Congresswoman Adams Speaks with Leaders from Mecklenburg County’s Refugee Community
Washington, D.C.— Congresswoman Alma Adams (NC-12) hosted a call with leaders from Mecklenburg County’s Refugee community to learn their concerns following President Trump’s January 27th Executive Order that suspended refugee resettlement in the United States from seven predominantly Muslim countries.
“President Trump’s sweeping Executive Order has created chaos,” said Congresswoman Adams. “We already have one of the strictest vetting processes for refugees and yesterday’s call put a human face on the effects of this order. Our community has been deeply impacted and I will be taking legislative action to address our concerns.”

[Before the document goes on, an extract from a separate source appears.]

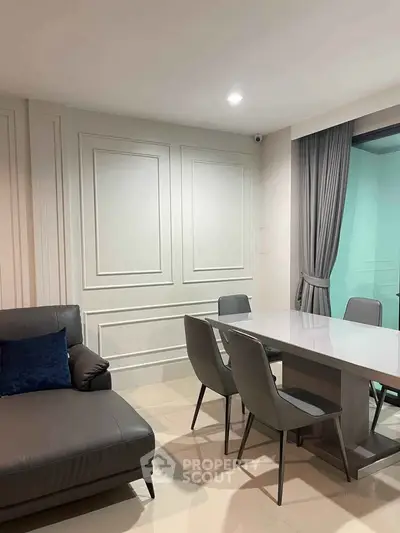 Modern dining area with sleek table and chairs, adjacent to a stylish living room sofa.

“Charlotte has been a welcoming community for refugees from around the world for decades and it is the hope that future refugee arrival numbers will be maintained as people are brought to safety and a new life in Charlotte,” said Marsha Hirsch, Executive Director of Refugee Support Services. “Refugee resettlement has long standing bipartisan support and is a factor of US foreign policy. Congressional understanding of the impact of the Executive Order on local families that may now be indefinitely separated as well as those already cleared for travel by the Department of Homeland Security is an important aspect of the setting of future refugee resettlement policy.”
Today’s call included Marsha Hirsch, Executive Director, Carolina Refugee Resettlement; Rachel Humphries, Executive Director, Refugee Support Services; Sil Ganzó, Founder and Executive Director, ourBRIDGE for KIDS; Susan Jansen, Refugee Resettlement Office Director, Catholic Charities Diocese of Charlotte.
President Trump’s January 27th Executive Order suspended immigration from Iraq, Syria, Iran, Somalia, Libya, Sudan, and Yemen for 120 days and suspends the admission of Syrian refugees indefinitely. The current vetting process for refugees takes 18-24 months to complete.